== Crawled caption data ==
################

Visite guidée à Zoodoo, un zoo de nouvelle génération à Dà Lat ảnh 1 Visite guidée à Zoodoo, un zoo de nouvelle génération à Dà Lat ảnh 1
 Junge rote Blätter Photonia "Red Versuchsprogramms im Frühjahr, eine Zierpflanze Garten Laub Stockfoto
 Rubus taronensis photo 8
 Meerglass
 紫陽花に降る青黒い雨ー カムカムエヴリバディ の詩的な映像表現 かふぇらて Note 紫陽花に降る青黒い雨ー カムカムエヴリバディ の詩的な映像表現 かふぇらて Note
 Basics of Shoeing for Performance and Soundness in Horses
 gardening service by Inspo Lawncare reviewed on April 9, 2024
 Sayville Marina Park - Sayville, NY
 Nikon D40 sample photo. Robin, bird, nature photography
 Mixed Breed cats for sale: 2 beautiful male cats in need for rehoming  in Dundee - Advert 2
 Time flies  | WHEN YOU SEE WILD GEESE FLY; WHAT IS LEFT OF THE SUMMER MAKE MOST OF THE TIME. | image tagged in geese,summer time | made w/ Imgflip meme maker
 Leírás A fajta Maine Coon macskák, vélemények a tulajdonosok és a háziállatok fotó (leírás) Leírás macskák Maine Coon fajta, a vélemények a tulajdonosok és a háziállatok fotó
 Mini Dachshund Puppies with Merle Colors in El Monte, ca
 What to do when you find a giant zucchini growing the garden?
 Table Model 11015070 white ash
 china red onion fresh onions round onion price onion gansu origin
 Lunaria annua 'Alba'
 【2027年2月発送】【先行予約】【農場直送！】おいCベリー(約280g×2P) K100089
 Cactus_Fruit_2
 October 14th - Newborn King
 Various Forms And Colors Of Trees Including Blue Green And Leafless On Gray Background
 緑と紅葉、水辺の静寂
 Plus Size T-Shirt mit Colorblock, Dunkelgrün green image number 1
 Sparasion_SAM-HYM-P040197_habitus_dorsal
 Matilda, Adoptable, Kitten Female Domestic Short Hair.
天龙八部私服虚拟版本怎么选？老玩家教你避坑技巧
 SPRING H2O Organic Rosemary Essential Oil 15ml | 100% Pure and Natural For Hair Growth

################

== Exercise instructions ==
Work through the records line by line, and once you reach the final line, report only how many held "Hair".

== Response for this exercise ==
2